Kafkasya’nın bir köşesinden, Türkistan’ın bir ucundan, Kuzey Afrika’dan insanlar, kimlere teslim olduklarını bilmeksizin, içini başkalarının doldurduğu bir kelime veya ideal olarak ‘cihat’ kavramının peşinde ülkelerini, rahatlarını terk ederek bir bilinmeze koşuyorlar. Suriye’ye rahatlıkla ulaşabilen bu insanların sanki, bu savaş bölgesine ulaşmalarını kolaylaştırmak için herkes seferber. Bu insanlar tekrar ülkelerine dönmek istediklerinde muhtemelen geri kabul edilmeyecekler ve her zaman pot ansiyel suçlu olarak görülecekler.
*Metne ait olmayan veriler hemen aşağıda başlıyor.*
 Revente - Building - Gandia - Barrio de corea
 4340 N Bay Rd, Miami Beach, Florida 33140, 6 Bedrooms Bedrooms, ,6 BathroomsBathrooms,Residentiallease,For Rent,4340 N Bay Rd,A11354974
Bu kadar macera peşinde insan, ancak müslüman coğrafyadan ve olsa olsa Güney Amerika’dan toplanabilir. O halde, bu zeminin ayrıca sorgulanması ve neden böylesi bir zihni zeminin var olduğuna da kafa yormak gerekir. Gelecek kuşaklar için emin, huzurlu ve barış içinde, masumların ölmediği bir dünya talebi, herhalde herkesin ortak talebidir. Korkarım ki, bu ‘akla zarar’ şiddet mantığıyla planlı ve organize şiddet üretildikçe, bunun karşısında yeni şiddetler doğacak ve Dünya artık herkes için güvenli bir mekan olmaktan çıkacak.